The issue here isn’t a case of mixed signals. It’s a case of black and white: rape is non-consensual. There is a major problem that not enough education and sex guidance is being given to teenagers as young as possible from school, from parents, from youth groups: sex without consent is always rape. It’s a case of not only does no mean no, but yes means yes. It is not enough for someone to reject consent. You must always check that you do in fact have consent. Your partner must say yes. If there is a chasm of communication, silence, unresponsive, avoidance, you do not have consent and if you continue to attempt to have sex with said person, you will be committing rape, and that is not the fault of mixed signals, but of yourself. This needs to be drilled into every single person from the day that they begin to learn anything about sex.
Though Royse doesn’t deny that the act was an act of rape, she softens the blow by listing off the girl’s credentials as a willing victim:
I had watched the woman in question flirt aggressively with my friend for weeks. I had watched her sit on his lap, dance with him, twirl his hair in her fingers. I had seen her at parties discussing the various kinds of sex work she had done, and the pleasure with which she explored her own very fluid sexuality, all while looking my friend straight in the eye.
Only she knows what signals she intended to send out. But many of us can guess the signals he received.
Royse states over and over again that she isn’t victim blaming or being a rape-apologist and then in the same breath goes on to say something that is problematic, but expects her credentials as a feminist to clear her of any suspicion.

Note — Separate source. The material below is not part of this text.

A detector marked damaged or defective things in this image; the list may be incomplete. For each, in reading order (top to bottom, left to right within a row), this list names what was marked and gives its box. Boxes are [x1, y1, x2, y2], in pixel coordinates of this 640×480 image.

Of course, this is a familiar picture and an attitude that is worryingly prevalent. Attitudes towards rape, even by those such as Royse who pit themselves as defenders of rape victims, are often entrenched with misogynistic values and a tendency to try to defend the Nice Guy.

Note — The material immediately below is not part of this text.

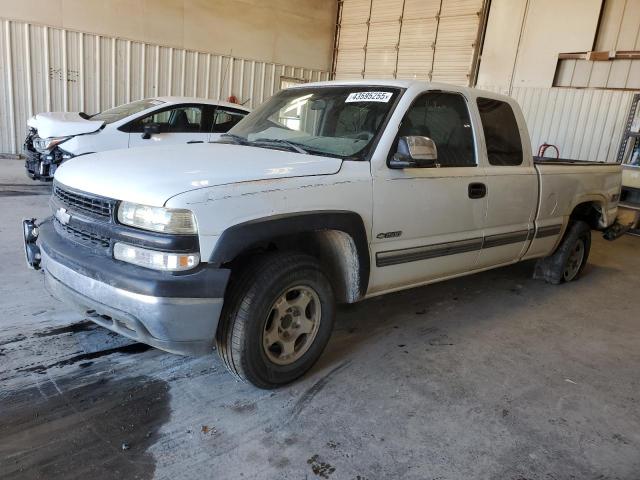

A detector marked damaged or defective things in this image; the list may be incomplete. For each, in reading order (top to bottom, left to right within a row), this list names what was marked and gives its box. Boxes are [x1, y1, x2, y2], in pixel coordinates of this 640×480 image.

damaged vehicle [22, 96, 249, 181]
damaged vehicle [22, 80, 624, 388] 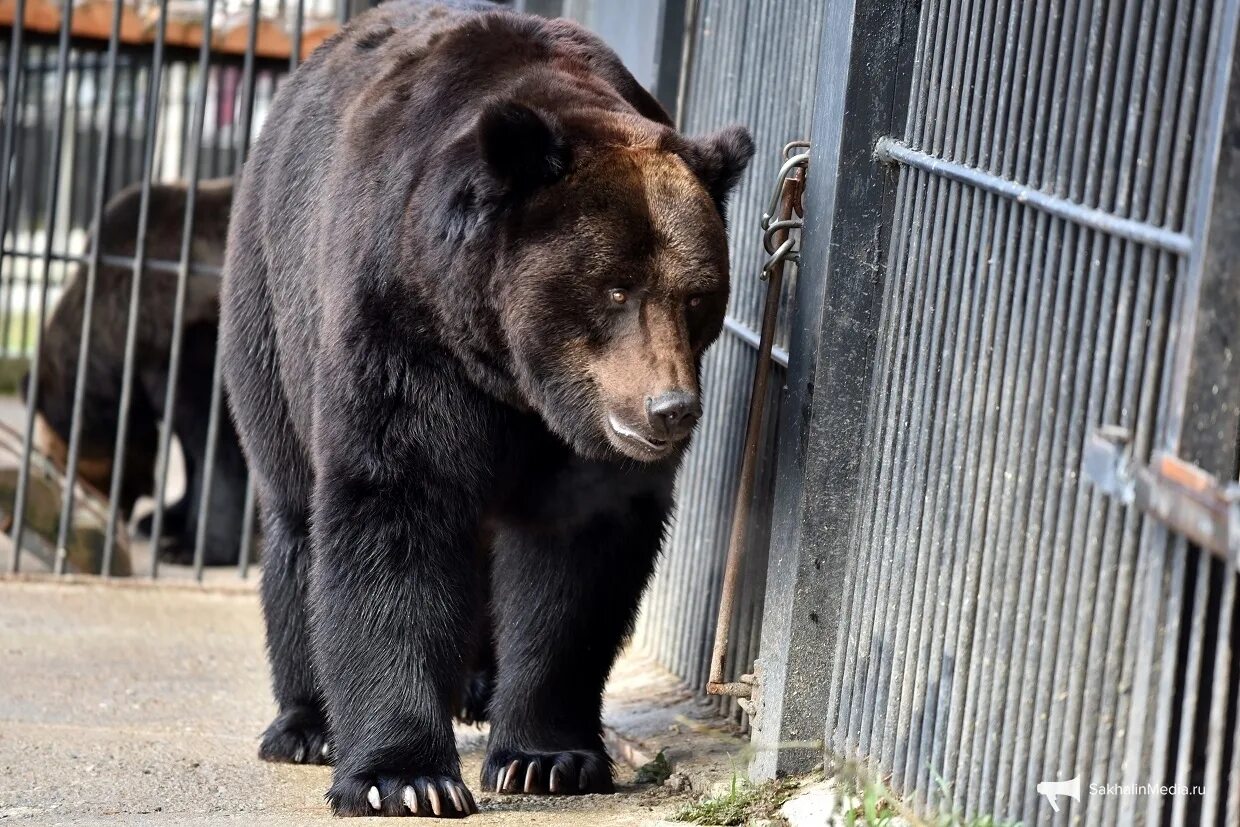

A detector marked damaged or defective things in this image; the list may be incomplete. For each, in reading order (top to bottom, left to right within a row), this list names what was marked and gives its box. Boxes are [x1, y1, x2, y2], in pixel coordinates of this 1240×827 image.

rusty latch [1080, 426, 1240, 564]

For example, a 2008 debate on Sciforums.com on the topic: “sex without consent is always rape.” Debaters tried to list a number of scenarios where sex without consent isn’t rape and is acceptable…
I mean Joe has sex with a woman who is unconscious due to alchohol. [sic] He gently screws her with condom, no force, no disease passed. The woman will have no recollection of the event whatsoever and she wasn’t a virgin to begin with.
Jack and Jill are breaking up. They have been together for 2 years, but they have different views of their futures, so they just had an amiable breakup. Jack is moving out and comes up to the appartment [sic] to collect his belongings. They had a verbal agreement for a last goodbye sex. Jill just took a strong sleeping pill and is sound asleep. Jack comes in and finds a note saying “Take whatever you want.” Jack decides to proceed to have sex with the sleeping Jill, because that’s what he wanted. It is unclear that Jill would want to or not.
In a short story by Roal Dahl (I also heard similar stories actually happening) 2 friends agree to switch wives without their knowledge. To make it happen one friend grows a bear just like the other has and starts to smoke the same kind of pipe, etc. In short they make their physical appearance very similar. There is a weekend sleepover and they do the switch the sex happens in the dark, and of course there is no consents from the wives because they don’t know it. The story ends when one of the wifes [sic] in the next morning turns to her husband and says: ”Honey, last night was the best thing ever happened to me.” Legally I would classify this as fraud or trickery and not rape, although if we go by the strict definition, it could be rape. [2]
These three examples I picked out detail very clear instances of rape, but because the motive wasn’t to hurt, scare, or overpower, the debater believes that they do not qualify in the strictest sense of rape. This falls easily into the category of a Nice Guy get-out-of-rape card. Again and again, despite the statistics, we are falling back into the trap of “real” rape occurring in a dark alley by a stranger at knife point with the threat of violence or murder, even though we know that six out of seven rapes are committed by someone who is already close to the victim. These examples Royse would easily count as more instances of “mixed signals”, rather than malicious rape.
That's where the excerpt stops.